Il calcio è questo. La serie B è questa. Un campionato in cui non bisogna mai dare nulla per scontato e in cui tutte le partite, anche quelle che sembrano più abbordabili, nascondono delle insidie. Lo ha sperimentato sulla sua pelle pure il Palermo, inciampato in casa sulle trappole tese dal fanalino di coda Livorno. Che, dopo avere battuto 3-1 il Foggia, ha dato un altro colpo di coda pareggiando (1-1) sul campo della capolista. E rovinando, in parte, l’esordio al Barbera dei dirigenti inglesi. Accompagnati dall’agente di mercato Jake Lee, Clive Richardson (CEO della Global Futures Sports & Entertainment) e il suo consulente Dean Holdsworth, in rappresentanza della cordata che ha stipulato il contratto preliminare notarile per l’acquisto del club di viale del Fante, dalla tribuna di uno stadio semivuoto (e più silenzioso del solito complice l’assenza per un lutto improvviso degli ultras della Curva Nord Superiore) hanno assistito a un match dai due volti sul fronte rosanero.
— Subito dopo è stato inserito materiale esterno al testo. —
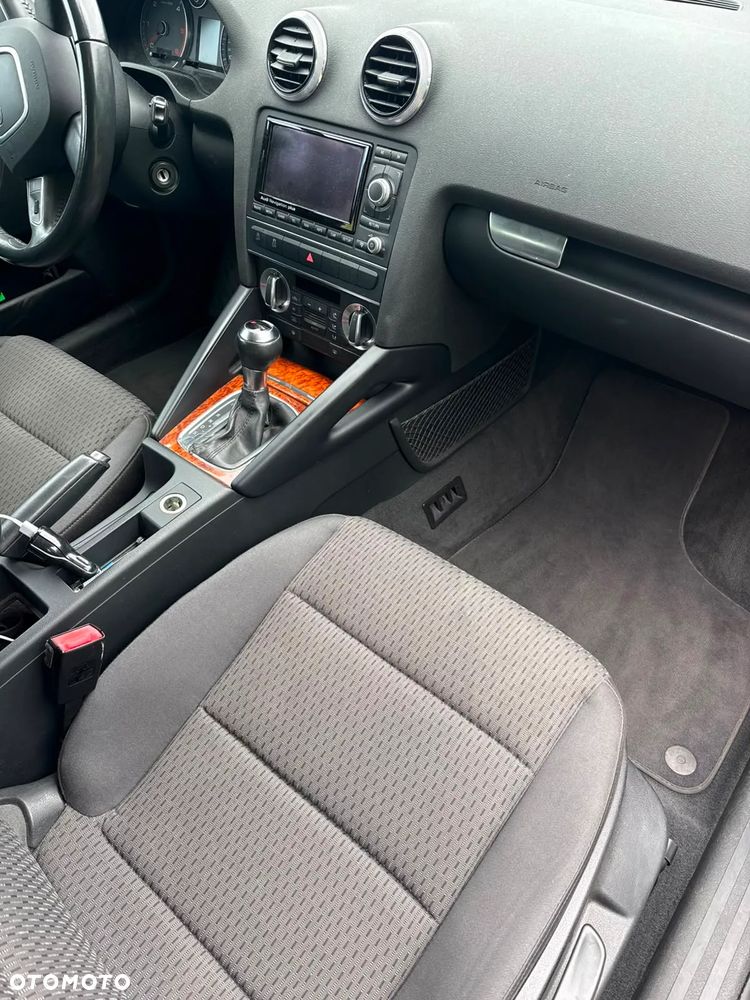 Audi A3 Sportback 1.6 TDI Ambiente S tronic - 23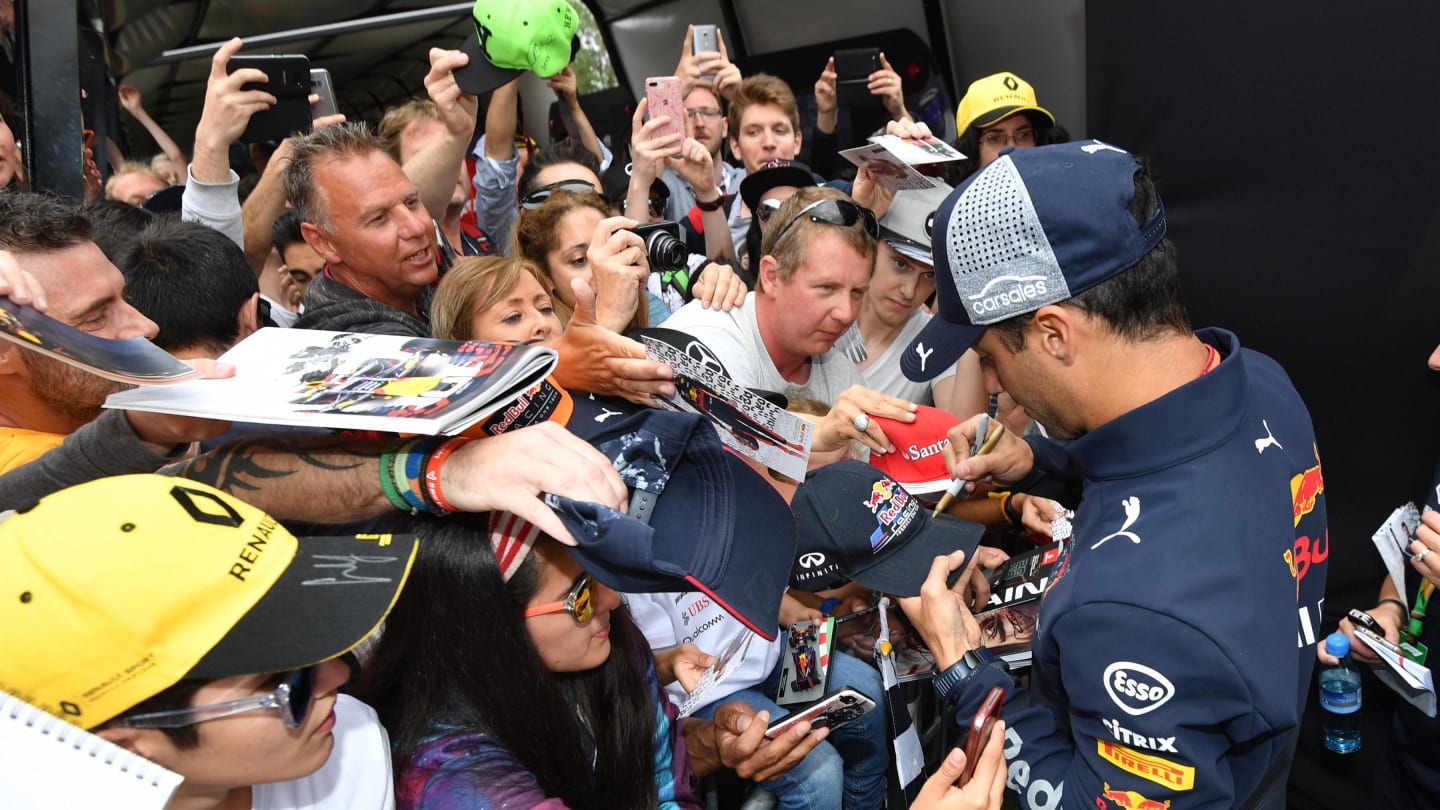 Daniel Ricciardo (AUS) Red Bull Racing signs autographs for the fans at Formula One World Championship, Rd5, Spanish Grand Prix, Preparations, Barcelona, Spain, Thursday 10 May 2018. © Jerry Andre/Sutton Images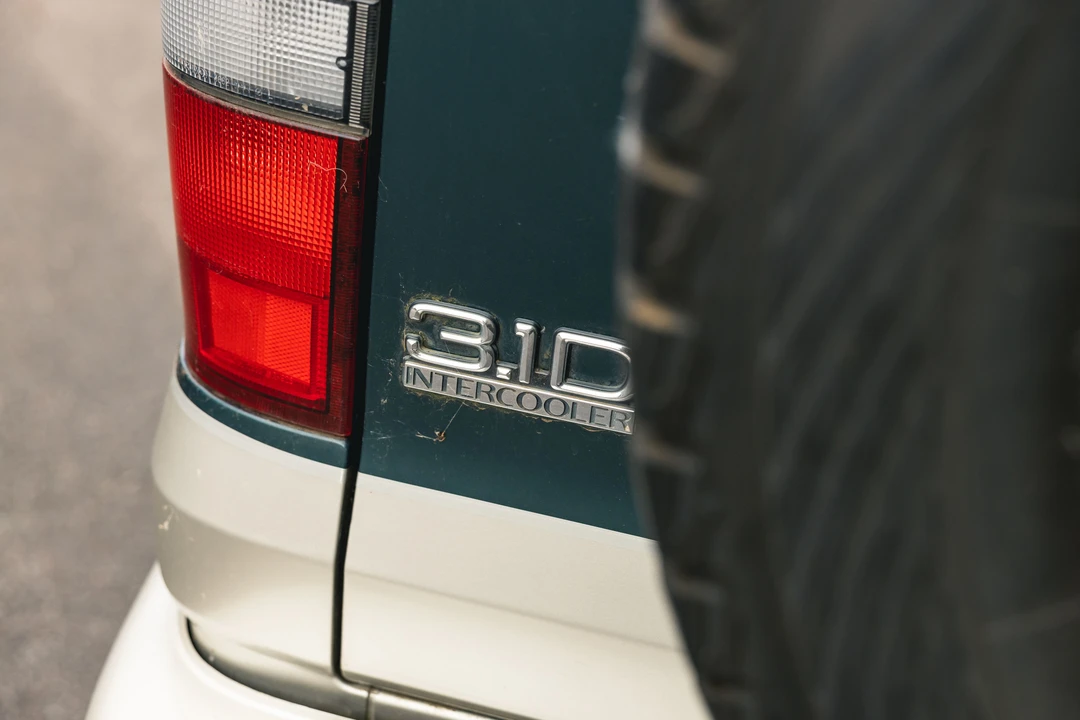 1998 Isuzu Trooper - Image 18 of 31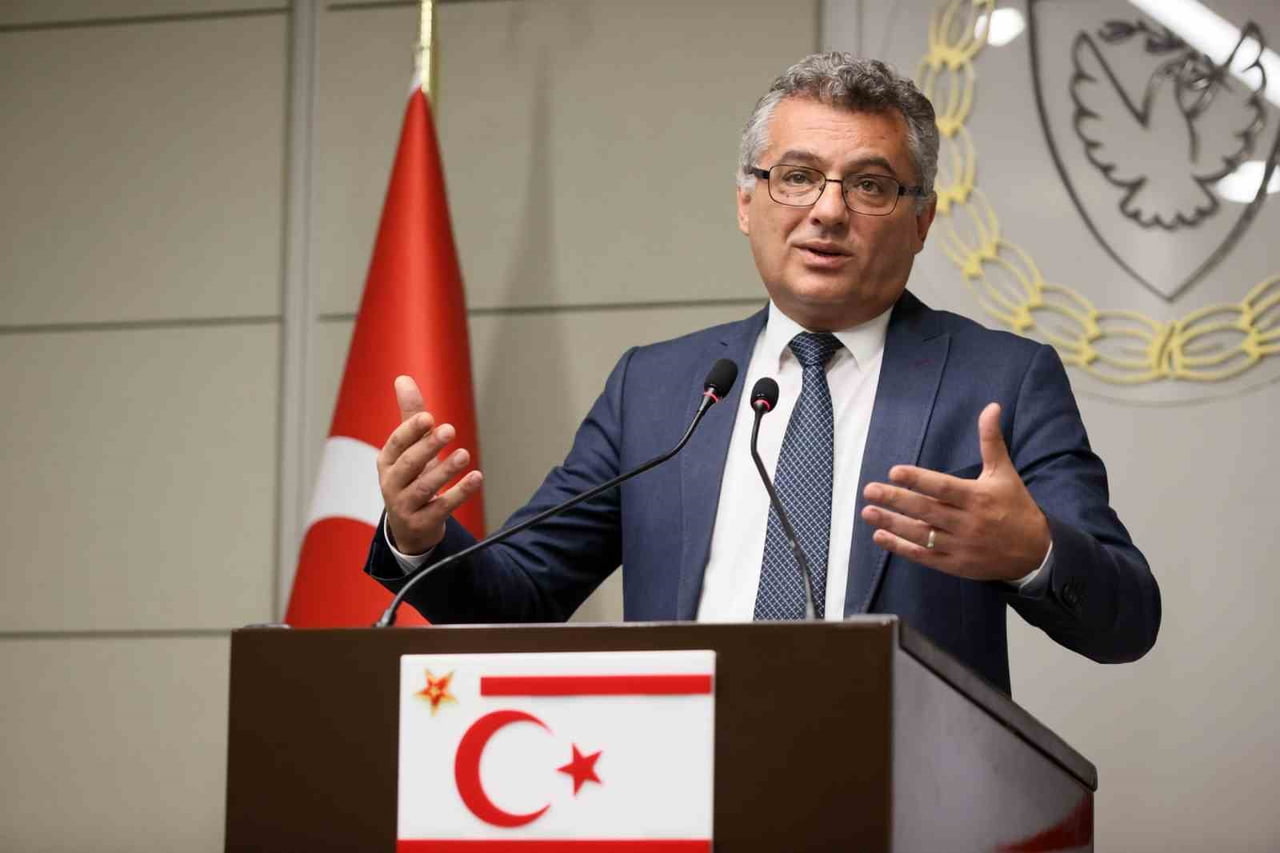 KKTC CUMHURBAŞKANI TUFAN ERHÜRMAN, GKRY LİDERİ NİKOS HRİSTODULİDİS İLE BAŞKENT LEFKOŞA'DAKİ ARA...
Convincente nella prima mezzora, impreziosita da ottime trame di gioco come quella culminata al 14′ con il terzo gol stagionale di Moreo su assist di Falletti, meno brillante dal pari del Livorno in poi.
La rete dell’1-1 di Raicevic, nata al 25′ da un’intuizione dell’ex di turno Diamanti fischiato soprattutto nell’ultimo segmento dell’incontro dai pochi supporters presenti sugli spalti e propiziata da un errore in marcatura di Rajkovic, ha tolto sicurezza ai padroni di casa che, soprattutto nella ripresa, si sono proposti in maniera disordinata. Al netto di un intervento super di Mazzoni su un colpo di testa di Moreo su cross di Rispoli, i rosanero non hanno creato grossi grattacapi alla retroguardia toscana e il forcing impresso nel finale, porzione di partita in cui la squadra ha spesso lasciato il segno, questa volta non ha sortito gli effetti sperati. La formazione di Breda si è difesa con ordine ed è riuscita a portare a casa un punto che premia una prestazione all’insegna dell’umiltà (maiuscola, al riguardo, la prova dell’attaccante Raicevic che a parte il gol si è fatto notare per un gioco di sponda funzionale alle esigenze della sua squadra) e del sacrificio. Il rammarico – inutile nasconderlo – in casa Palermo c’è ed è anche legittimo dato che questa era obiettivamente una partita da vincere ma è giusto anche ‘pesare’ il risultato maturato sul terreno di gioco.
Partite come quelle di oggi, soprattutto in casa al cospetto di avversari che tendono a chiudere gli spazi, sono le più rognose e, se non riesci ad incanalarle su determinati binari, alla fine rischi anche di perderle. Basta un episodio per rovinare tutto (impostazione del match e piani tattici come il passaggio odierno al 4-4-2 a trazione anteriore con l’ingresso di Trajkovski al posto di Szyminski dopo l’iniziale 3-4-1-2) e subire la doccia gelata. Se, ad esempio, il portiere Pomini, titolare al posto di Brignoli bloccato in extremis da una gastroenterite, non si fosse superato al 35’ del secondo tempo al culmine di una mischia nei pressi della linea di porta sugli sviluppi di un corner di Diamanti (e subito dopo un’azione nella quale Moreo è stato graziato per un fallo di mano in area non ravvisato dall’arbitro), il sapore di beffa molto probabilmente sarebbe stato ancora più amaro rispetto al retrogusto di questo punto. Che non permette agli uomini di Stellone di approfittare in vetta delle opportunità fornite da un turno di campionato con alcuni scontri diretti ma che, comunque, consente alla squadra di proseguire un percorso (decimo risultato utile di fila) scandito dalla continuità. Fattore potenzialmente decisivo nella tabella di marcia di una squadra come il Palermo che vuole a tutti i costi la massima serie. Le giornate storte esistono (e i ko a ridosso del match di Brignoli e Mazzotta in aggiunta al forfait di Nestorovski possono essere interpretati come segni premonitori) e allora, a volte, anche un mezzo passo falso può essere accettato con serenità.